■ Task material ■
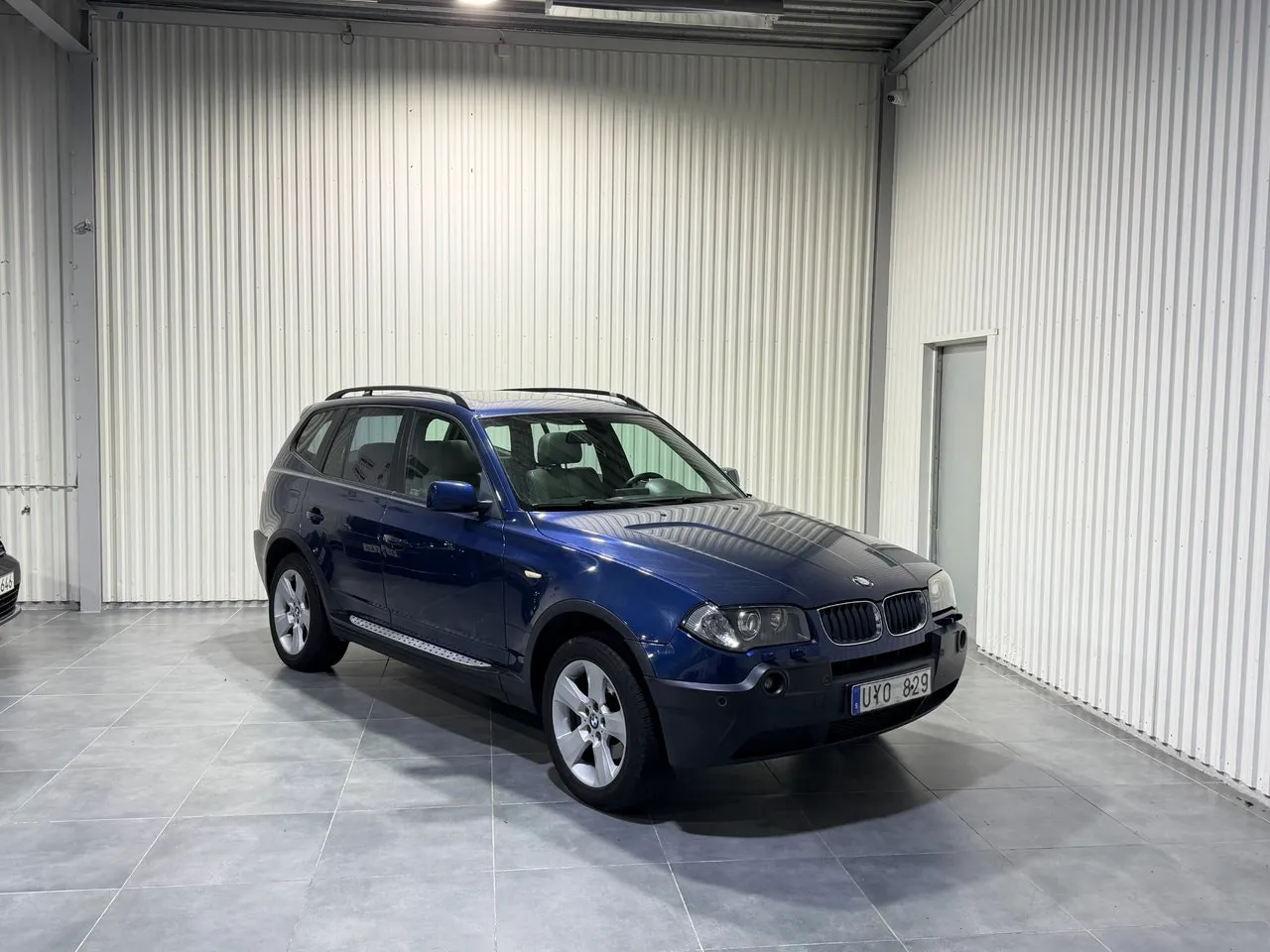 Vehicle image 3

...

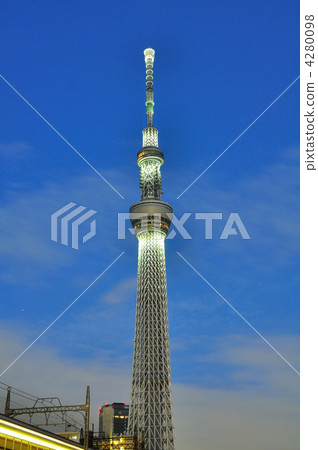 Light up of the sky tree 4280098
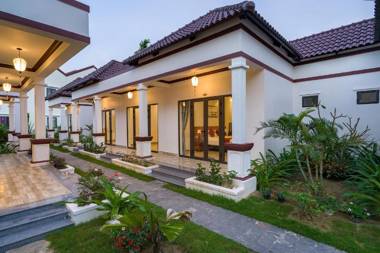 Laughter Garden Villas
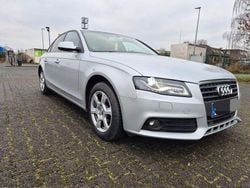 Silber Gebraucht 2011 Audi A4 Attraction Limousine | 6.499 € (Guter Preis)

■ Aim of the exercise ■
From the records above, copy only the lines running from the line containing "Laughter Garden Villas" to the line containing "Silber Gebraucht 2011", both ends included. Leave the pictures out.

■ Answer to this task ■
 Laughter Garden Villas
 Silber Gebraucht 2011 Audi A4 Attraction Limousine | 6.499 € (Guter Preis)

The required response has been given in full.